- WORK INSTRUCTION: From the line with "Syracuse is definitely" to the line with "I am pulling", retype every line exactly, including those two, and leave out the rest of the data below.

***

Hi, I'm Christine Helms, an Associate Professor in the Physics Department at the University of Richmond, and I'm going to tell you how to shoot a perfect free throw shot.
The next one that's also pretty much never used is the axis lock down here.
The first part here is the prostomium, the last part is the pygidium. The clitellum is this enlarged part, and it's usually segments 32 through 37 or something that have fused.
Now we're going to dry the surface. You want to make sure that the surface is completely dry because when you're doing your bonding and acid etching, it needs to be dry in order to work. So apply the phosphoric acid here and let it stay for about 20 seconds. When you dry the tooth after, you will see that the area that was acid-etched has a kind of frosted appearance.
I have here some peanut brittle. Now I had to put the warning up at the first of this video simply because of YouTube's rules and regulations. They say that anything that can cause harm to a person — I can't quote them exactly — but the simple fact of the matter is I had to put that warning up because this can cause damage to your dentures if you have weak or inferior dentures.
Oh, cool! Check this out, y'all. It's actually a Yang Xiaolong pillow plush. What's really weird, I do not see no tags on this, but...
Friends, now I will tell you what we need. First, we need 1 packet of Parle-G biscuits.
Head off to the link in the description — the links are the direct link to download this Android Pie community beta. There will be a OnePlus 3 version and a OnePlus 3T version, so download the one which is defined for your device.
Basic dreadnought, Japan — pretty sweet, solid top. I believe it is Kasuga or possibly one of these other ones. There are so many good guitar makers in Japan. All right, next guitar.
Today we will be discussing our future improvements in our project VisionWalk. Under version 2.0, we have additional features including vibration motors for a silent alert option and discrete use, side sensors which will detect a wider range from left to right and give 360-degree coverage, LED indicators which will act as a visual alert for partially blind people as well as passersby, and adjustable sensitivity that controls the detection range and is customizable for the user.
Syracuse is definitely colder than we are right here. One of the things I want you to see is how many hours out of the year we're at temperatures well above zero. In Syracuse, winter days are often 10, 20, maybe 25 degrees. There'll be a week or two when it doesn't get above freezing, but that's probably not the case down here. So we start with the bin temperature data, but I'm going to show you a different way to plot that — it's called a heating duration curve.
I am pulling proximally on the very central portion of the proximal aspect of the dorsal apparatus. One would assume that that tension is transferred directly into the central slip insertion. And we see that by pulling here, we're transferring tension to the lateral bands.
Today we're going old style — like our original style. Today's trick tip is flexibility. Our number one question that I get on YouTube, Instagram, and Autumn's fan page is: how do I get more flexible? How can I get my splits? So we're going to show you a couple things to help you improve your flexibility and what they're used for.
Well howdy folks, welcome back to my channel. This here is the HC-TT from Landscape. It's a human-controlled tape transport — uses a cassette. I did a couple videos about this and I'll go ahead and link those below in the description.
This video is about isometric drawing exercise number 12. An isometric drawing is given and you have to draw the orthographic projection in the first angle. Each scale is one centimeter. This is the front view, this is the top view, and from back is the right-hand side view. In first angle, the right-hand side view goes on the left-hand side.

***

- EXERCISE RESULT:
Syracuse is definitely colder than we are right here. One of the things I want you to see is how many hours out of the year we're at temperatures well above zero. In Syracuse, winter days are often 10, 20, maybe 25 degrees. There'll be a week or two when it doesn't get above freezing, but that's probably not the case down here. So we start with the bin temperature data, but I'm going to show you a different way to plot that — it's called a heating duration curve.
I am pulling proximally on the very central portion of the proximal aspect of the dorsal apparatus. One would assume that that tension is transferred directly into the central slip insertion. And we see that by pulling here, we're transferring tension to the lateral bands.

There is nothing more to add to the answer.